Social work, often so strong in the capital, has been through tough times over the past decade, but in recent years has shown signs of recovery thanks largely to improvements in pay and conditions for the workforce. Vacancy and turnover rates continue to be high but the rewards and career progression opportunities have never been better.
Of course, despite its concentration of wealth, London and the South East still have some pockets of deprivation and the need for social workers and caring professionals remains high.

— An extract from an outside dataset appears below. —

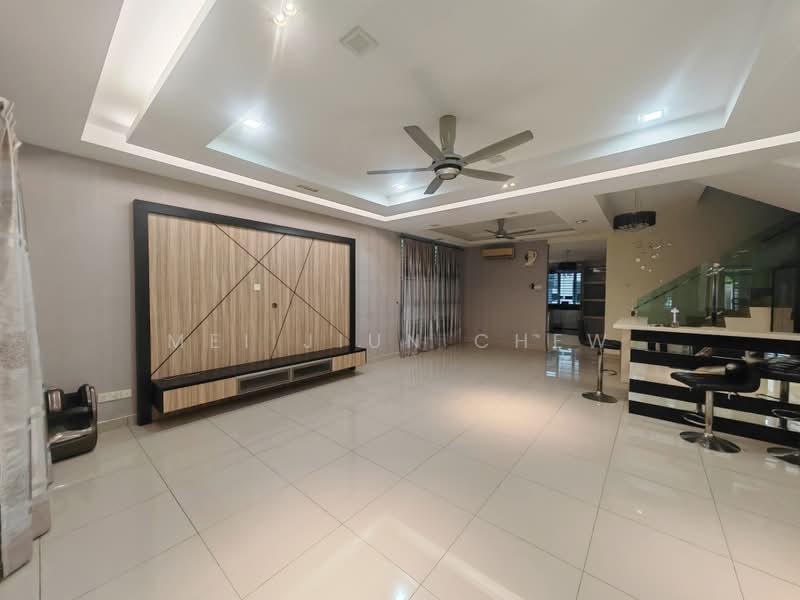 Rumah Teres 2 Tingkat untuk Dijual di Bandar Puchong Utama (Puchong) - MEI JIUN CHEW - PropertyGuru.com.my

Flagship developments, such as the regeneration of East London as a result of the successful 2012 Olympic bid and the building of hundreds of thousands of new homes in the Thames gateway over the next 10 years, will only serve to increase that need.
But as ever with these opportunities comes innovation, whether it be developing culturally sensitive services in Tower Hamlets or joining up mental health services in Sussex.
This inward migration of people and cultures has played a major part in shaping London throughout its history and is still evident today in every part of London life, from its restaurant scene to market stalls.
This variety and vibrancy is now a major pulling power for young people from across the UK to the capital as is the quality of life and green spaces of the south east counties for families and those after a slower pace.